Mel Brooks, at his best,was the most robust comedy director in American cinema, perhaps with the exception of Frank Tashlin. A small Jew boy from Brooklyn, a relatively poor White neighbourhood of New York city, he was regularly bullied by others twice his size at school. He devised ways of survival, and one amongst them was comedy. Brooks honed his comedy skills at the summer holiday camps in Catskill mountains in the New York State, entertaining disparate audiences for a pittance. The broad, energetic comedy for which he became famous in later life, probably has its origins in the years of
his apprenticeship.
The three films on which his fame rests are — The Producers (1968), based on a Broadway play, Silent Movie (1976), and Young Frankenstein (1974). These three films contain the myriad comedic inventions of his fertile mind, and, are unrivalled in the comedies that came out of Hollywood in the last 50 years. There is both a zaniness and a wackiness about these works, that remind us of the great silent comedies of the 1920s, as do their touching flirtation with absurdity. He is the antithesis of the intellectual, often pretentious and boring Woody Allen, the darling of the American film intellingensia. Brooks, unlike Allen, has never been a consistent director.
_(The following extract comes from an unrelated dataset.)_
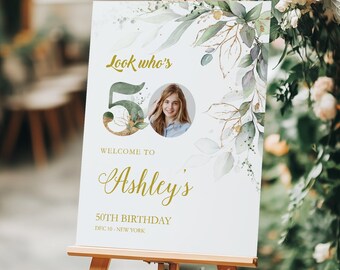 Può includere: Un cartello di compleanno rettangolare bianco su un cavalletto di legno con foglie ad acquerello verdi e dettagli dorati. Il testo recita: Look who's 50, WELCOME TO Ashley's 50TH BIRTHDAY, DEC 10 - NEW YORK. Una foto circolare è integrata nel numero 50.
There were many genuinely funny moments in Blazing Saddles (1974), a parody of the traditional Western, but the overall impression was marred by his predilection for the scatological joke. Despite this failing, Blazing Saddles , is terrific in parts, especially in its sly take on racism. A Negro railroad worker, expected to sing a spiritual, suddenly bursts into a ballad about romance and champagne. Erroll Morris’ truly well sung title song, is of course a red herring, and the director ought to be complimented for his wit.
Other films of Brooks, that carried sparks of his wit intermittently are, High Anxiety (1977), a takeoff on Alfred Hitchcock’s thrillers, and Life Stinks (1991), a possible answer to Preston Sturges’ satire from the late 1930s, Sullivan’s Travels . Brooks’ films relied on high-octane energy and homegrown wit, unlike Woody Allen’s, which were self-referential, pseudo-existential and short of comic ideas that could be shared with a wide audience. With age, one may conjecture, Brooks ran out of energy and the hit or miss quality of his later films like History of The World The Part I (1981) and, Robin Hood: Men In Tights (1993) prove it. To put it simply, they lacked the zing of his early work. The writing was indifferent and the acting strangely listless, including Brook’s own performances in them.
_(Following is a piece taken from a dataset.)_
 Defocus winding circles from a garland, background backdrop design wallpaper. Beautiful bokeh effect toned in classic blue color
His films were avowedly anti-intellectual from the start. His attitude to cinema, and the arts in general, can be seen in his animated first film, not unintentionally titled, The Critic (1963) which he wrote and Ernest Pintoff directed. In it, the audience tries to understand incomprehensible onscreen footage ‘helped’ by a commentary written by Brooks! A deliberate low-brow attitude meant that he would have to create something continuously entertaining and intelligent. The Producers , starring the mercurial Zero Mostel, is about a producer who dupes rich old ladies into investing money in a play entitled, Springtime for Hitler , that he hopes will be a resounding flop and enable him to make off with the capital. The play, unfortunately, is an unexpected hit, despite a cast of incompetent semi-lunatics. Of course he gets caught in the end but not before raising many laughs. The final scene is of Mostel and his cohorts, doing the same play in prison and the assistant warden asking them for tickets for the show.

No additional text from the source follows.